Monday, January 12, 2026


 A new Philly family with freshly-baptized son, Alain Rene


Baptism of Jesus, Jan 11, 2025   Old St. Joseph Church

In my duties at Saint Joseph’s University I rarely have the opportunity to baptize babies.   But the last time I celebrated here at Old Saint Joseph’s, Father Frank asked me to take care of the baptisms on that Sunday afternoon.   I happily did that and was able to pour the water on two babies and one toddler all surprised by the liquid running across their foreheads.    I also quite recently baptized the new-born son of a couple in the process of seeking asylum here in Philadelphia. We certainly welcomed him as a member of the Church and I am hoping that his citizenship in the United States will not be questioned.  

In my own family we have a long standing tradition with a baptismal gown that first was hand sewn by my grandmother and worn by my uncle at his baptism in 1907 and last worn by my grand-nephew Bergen who was baptized 116 years later.  Bergen was the 56th family baby to be baptized wearing this gown.   

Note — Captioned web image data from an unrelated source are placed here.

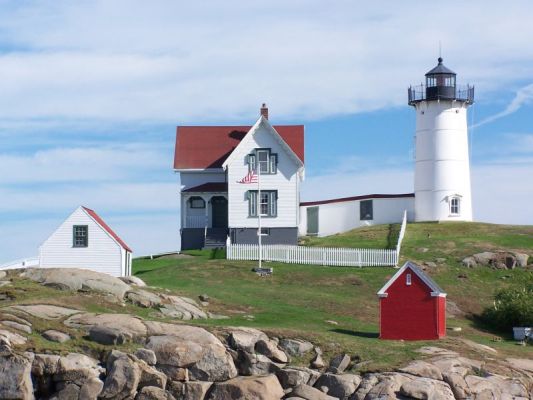 Cape Neddick Lighthouse
auch bekannt als Nubble Lighthouse
Schlüsselwörter: Leuchturm, Lighthouse, New England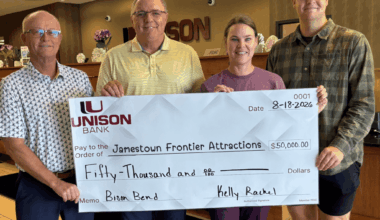 Unison Bank Donates $50,000 to Bison Bend Mini Golf Project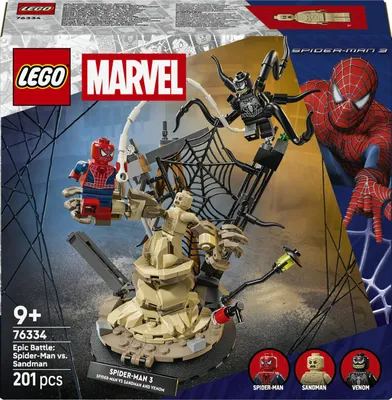 Produktbild von LEGO Marvel S.H.Großer Showdown Spider-Man vs Sand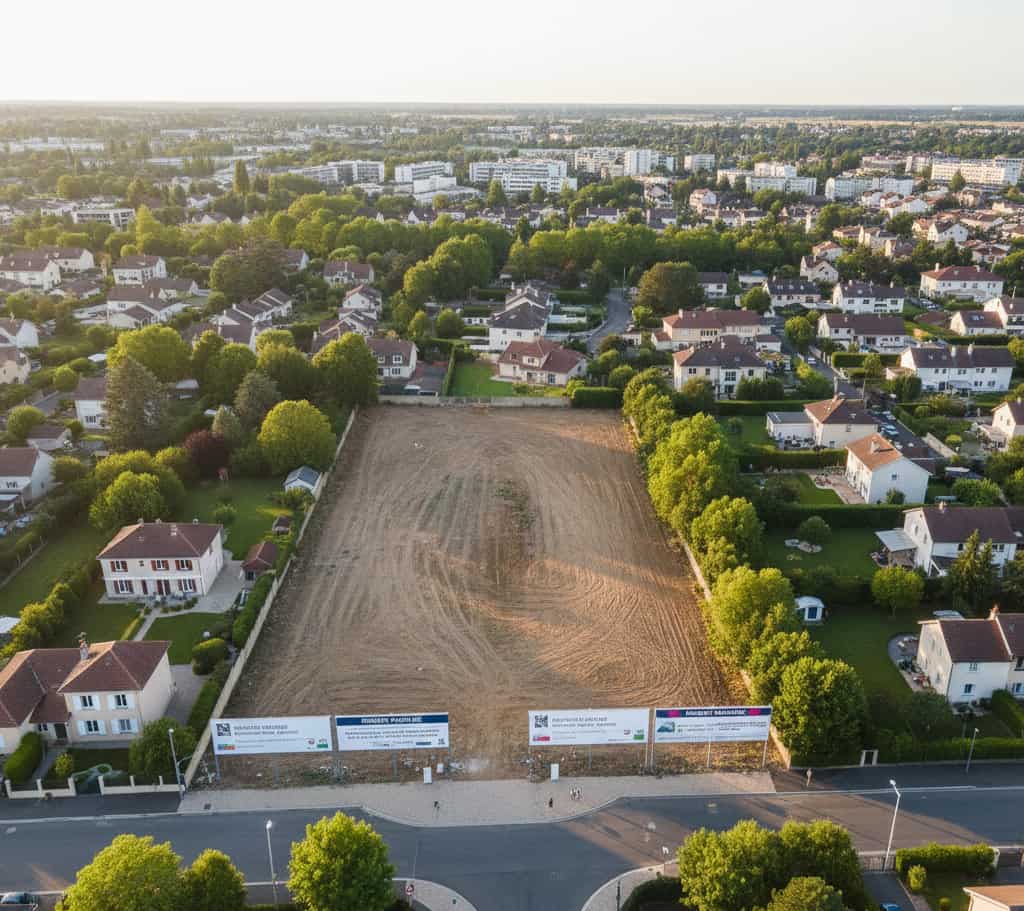 Projet d’aménagement urbain soumis à enquête publique dans un quartier résidentiel.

But the gospel read today, of course, engages us in the meaning of baptisms for all the baptized. The word is based on classical Greek and means to dip as in the act of dying a piece of cloth in a solution of colored liquid or even to sink as a boat submerging in water.   The full symbol of Christian baptism includes the dipping of the body into water.   And I actually did this once with the help of her godparents, dipping a baby girl into a tub of water.  She is now about 35 years old and the most delightful person.  But, of course, to baptize in the rite of the Church today it is adequate to pour water on the head or even to sprinkle the head.

In our gospel reading today we feature John the Baptist.   He is a contemporary of Jesus and even known as his cousin.   He preaches not in the towns of Galilee and Judea as Jesus will do but rather he preaches in the desert area along the River Jordan, well east of Jerusalem.  John pleads with the Jews and their leadership to recognize and repent of their hypocrisy.  Jesus as he considers the beginning of his own public ministry confers with John the Baptist and in fact submits himself to the ritual of baptism that John practices, a ritual that John offers as a sign of repentance.   John says, however, to Jesus that, you, Jesus don’t need to repent and have no need of a baptism if repentance.  But for his part John wants to submit himself to the baptism that Jesus can offer.   John tells his own followers that his own baptism with water is different from Jesus’ baptism with water.   And the difference is this:  with John’s baptism the baptized acknowledge their sins and God forgives them in preparation for the judgement of the final days.  But Jesus, when he and then his disciples baptize, transforms the very meaning of baptism.   That is, today’s gospel tells us that when Jesus himself received John’s baptism “he came up from the water and behold, the heavens were opened for him, and he saw the Spirit of God descending.”  In accord with this baptism,  all baptisms in Jesus name confer the Holy Spirit.  Such a baptism accomplishes more than the forgiveness of sins about which John speaks. 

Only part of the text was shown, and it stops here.